In [1]:
from datasets import load_dataset
import numpy as np
import torch
import pprint
device = torch.device("cuda") if torch.cuda.is_available() else torch.device("cpu")
print("Using {}".format(device))

Using cpu


In [2]:
dataset = load_dataset("ai2_arc", "ARC-Challenge")
dataset = dataset.filter(lambda item: len(item["choices"]["label"]) == 4)

In [3]:
from transformers import AutoTokenizer
tokenizer = AutoTokenizer.from_pretrained("bert-base-cased")

def tokenize_function(examples):
    choice_prompt = [[examples["question"][i] + " Choose one from the following: {}. {}; {}. {}; {}. {}; {}. {}".format(examples["choices"][i]["label"][0],examples["choices"][i]["text"][0], examples["choices"][i]["label"][1], examples["choices"][i]["text"][1], examples["choices"][i]["label"][2], examples["choices"][i]["text"][2], examples["choices"][i]["label"][3], examples["choices"][i]["text"][3])] for i in range(len(examples["id"]))]
    gt_sentences = ["The correct answer is: {}. {}".format(examples["answerKey"][i], examples["choices"][i]["text"][examples["choices"][i]["label"].index(examples["answerKey"][i])]) for i in range(len(examples["id"]))] 
    # Flatten everything
    choice_prompt = sum(choice_prompt, [])
    
    # Tokenize
    tokenized_examples = tokenizer(choice_prompt)
    tokenized_examples["labels"] = tokenizer(gt_sentences)["input_ids"]
    # Un-flatten
    return tokenized_examples

def show_one(example):
    '''show one example in a nicely formatted way'''
    print(f"Question: {example['question']}")
    print(f"  A - {example['choices']['text'][0]}")
    print(f"  B - {example['choices']['text'][1]}")
    print(f"  C - {example['choices']['text'][2]}")
    print(f"  D - {example['choices']['text'][3]}")
    print(f"Ground truth: {example['answerKey']}")


In [6]:
examples = dataset["train"][:3]
features = tokenize_function(examples)
print(features.keys())
print('= = = Intuitive Demo = = =')
show_one(dataset["train"][0])

print('\n= = = Processed Format = = =')
for i in range(3):
    print("-->Prompt:")
    print(tokenizer.decode(features["input_ids"][i]))
    print("-->Ground truth answer:")
    print(tokenizer.decode(features["labels"][i]))

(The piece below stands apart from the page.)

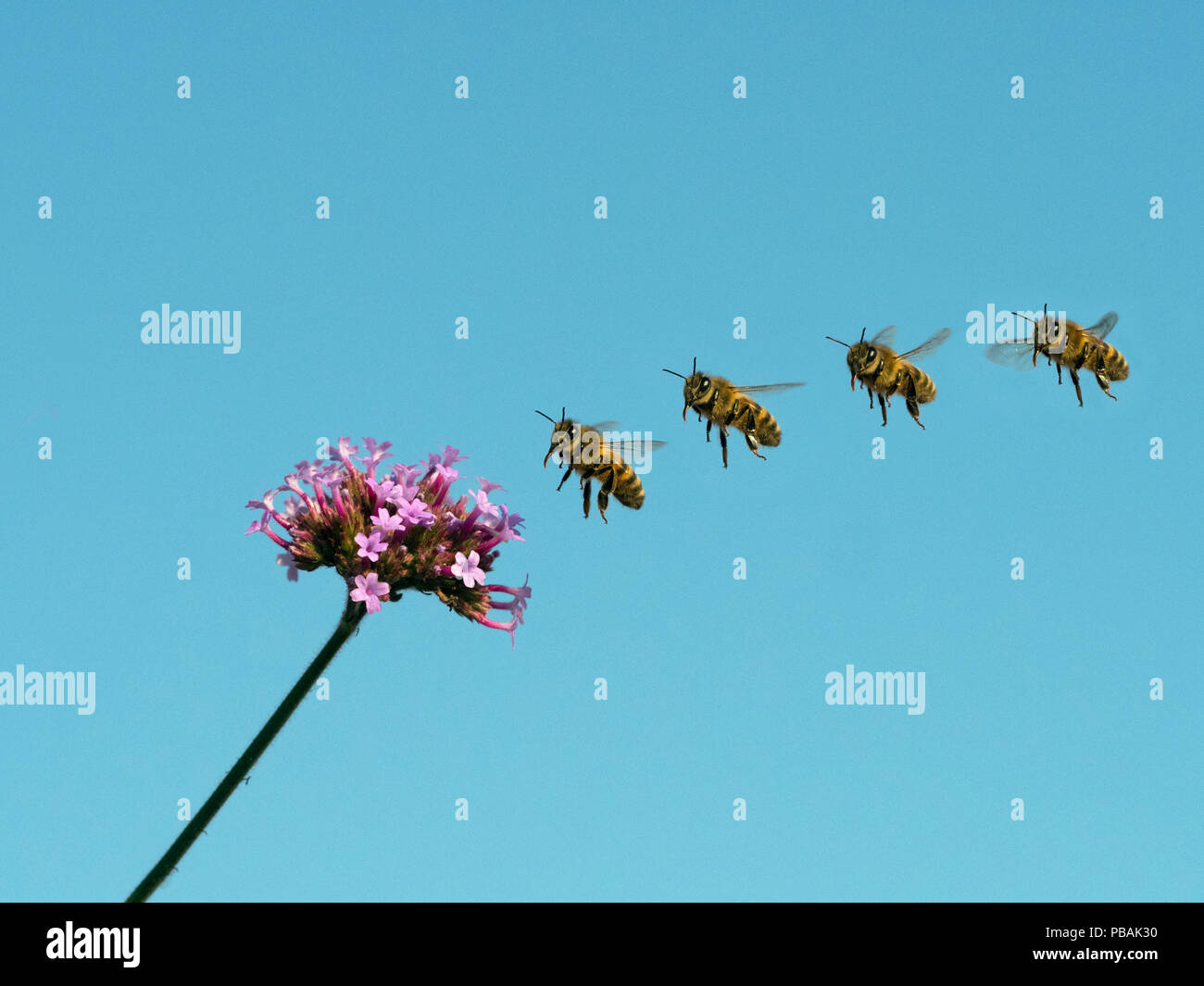 Flug Abfolge der Honigbiene Apis mellifera Arbeitnehmer Fütterung auf Garten eisenkraut Blumen Stockfoto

dict_keys(['input_ids', 'token_type_ids', 'attention_mask', 'labels'])
= = = Intuitive Demo = = =
Question: George wants to warm his hands quickly by rubbing them. Which skin surface will produce the most heat?
  A - dry palms
  B - wet palms
  C - palms covered with oil
  D - palms covered with lotion
Ground truth: A

= = = Processed Format = = =
-->Prompt:
[CLS] George wants to warm his hands quickly by rubbing them. Which skin surface will produce the most heat? Choose one from the following : A. dry palms ; B. wet palms ; C. palms covered with oil ; D. palms covered with lotion [SEP]
-->Ground truth answer:
[CLS] The correct answer is : A. dry palms [SEP]
-->Prompt:
[CLS] Which of the following statements best explains why magnets usually stick to a refrigerator door? Choose one from the following : A. The refrigerator door is smooth. ; B. The refrigerator door contains iron. ; C. The refrigerator door is a good conductor. ; D. The refrigerator door has electric wires in it. [SEP]


In [7]:
tokenized_datasets = dataset.map(tokenize_function, batched=True)
accepted_keys = ["input_ids", "attention_mask", "labels"]
for key in tokenized_datasets['train'].features.keys():
    if key not in accepted_keys:
        tokenized_datasets = tokenized_datasets.remove_columns(key)
tokenized_datasets.set_format("torch")

huggingface/tokenizers: The current process just got forked, after parallelism has already been used. Disabling parallelism to avoid deadlocks...
	- Avoid using `tokenizers` before the fork if possible
	- Explicitly set the environment variable TOKENIZERS_PARALLELISM=(true | false)
Map: 100%|██████████| 1117/1117 [00:00<00:00, 5022.91 examples/s]
Map: 100%|██████████| 1165/1165 [00:00<00:00, 3619.34 examples/s]
Map: 100%|██████████| 295/295 [00:00<00:00, 3512.03 examples/s]


In [None]:
from transformers import DataCollatorForSeq2Seq
from torch.utils.data import DataLoader
collator = DataCollatorForSeq2Seq(tokenizer, model, padding="max_length")

# TODO: load model here

batch_size = 2
# data_collator = DataCollatorForMultipleChoice(tokenizer)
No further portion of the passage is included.